Dataset excerpt:
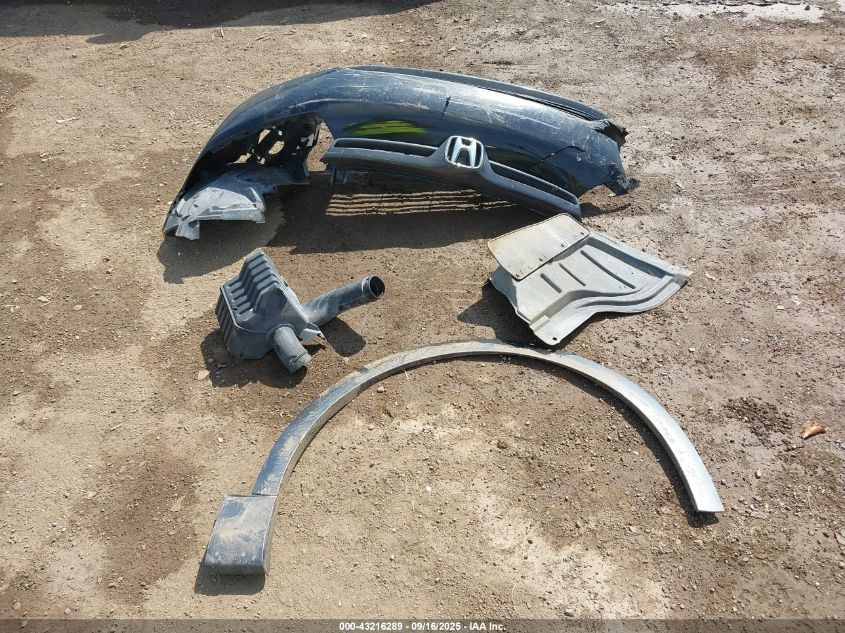 2008 Honda Civic Lx VIN: 2HGFG11608H576579 Lot: 43216289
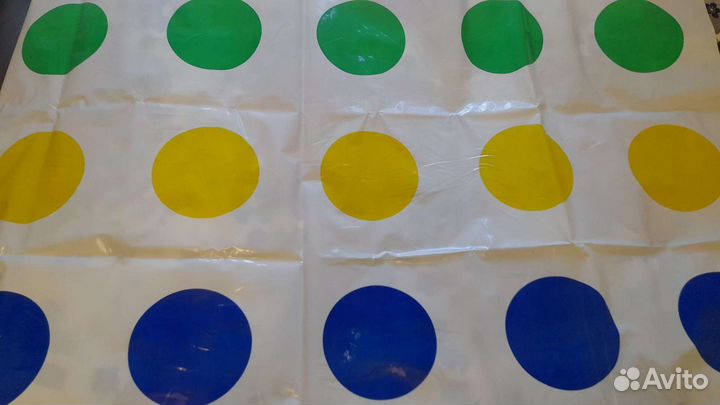 Твистер игра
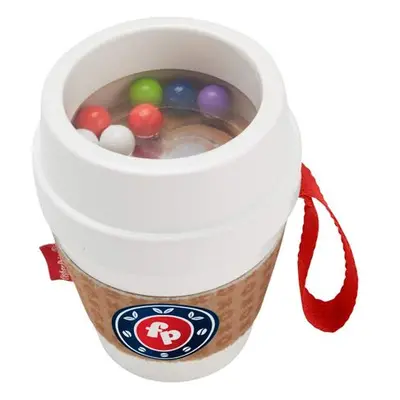 Jucarie pentru dentitie Fisher Price Coffee Cup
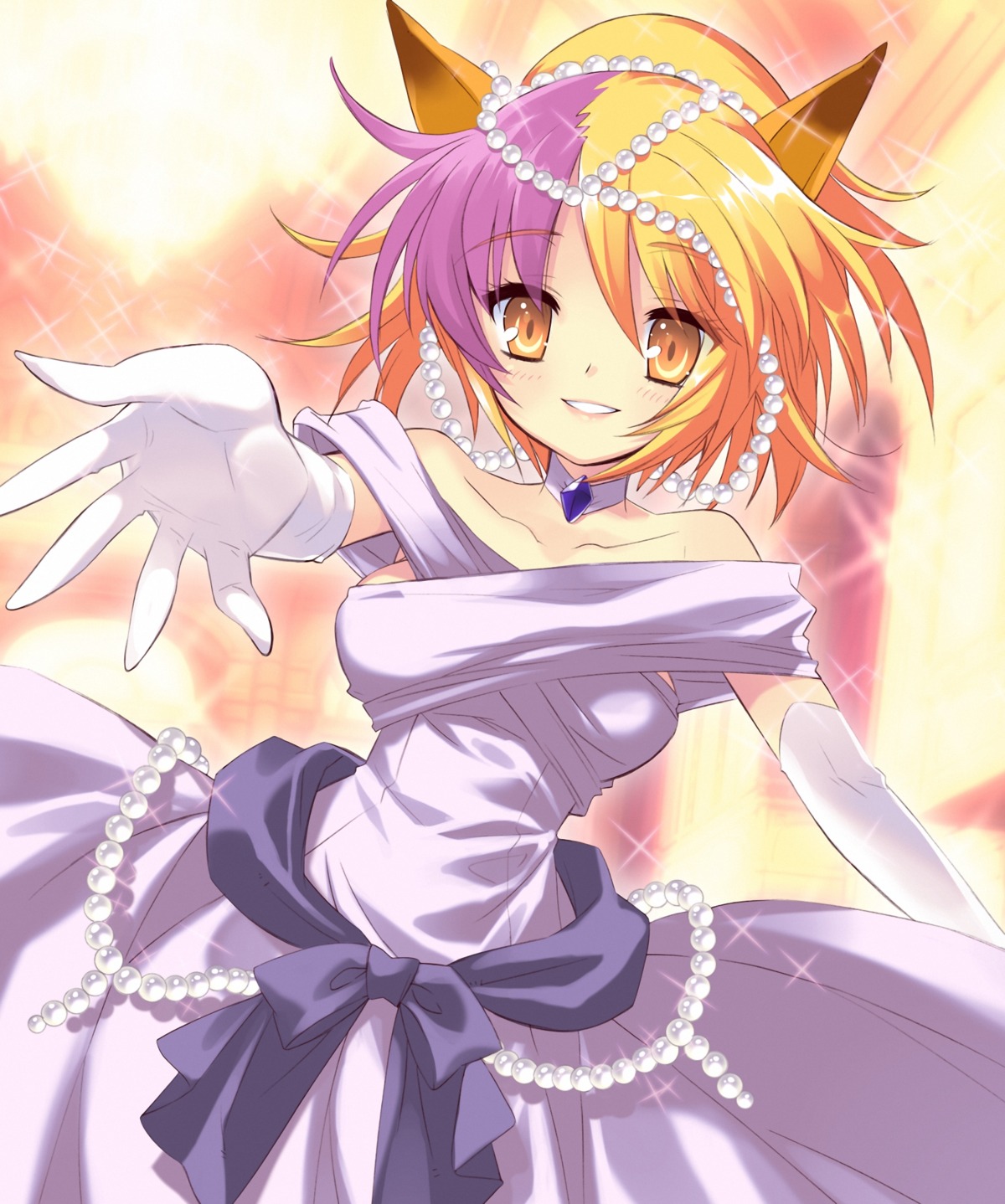 alice_parade, animal_ears, dress, ito_noizi, kimagure_neko, nekomimi, unisonshift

What is expected: Everything in the material above must be repeated exactly, apart from its pictures.

Written response:
 2008 Honda Civic Lx VIN: 2HGFG11608H576579 Lot: 43216289
 Твистер игра
 Jucarie pentru dentitie Fisher Price Coffee Cup
 alice_parade, animal_ears, dress, ito_noizi, kimagure_neko, nekomimi, unisonshift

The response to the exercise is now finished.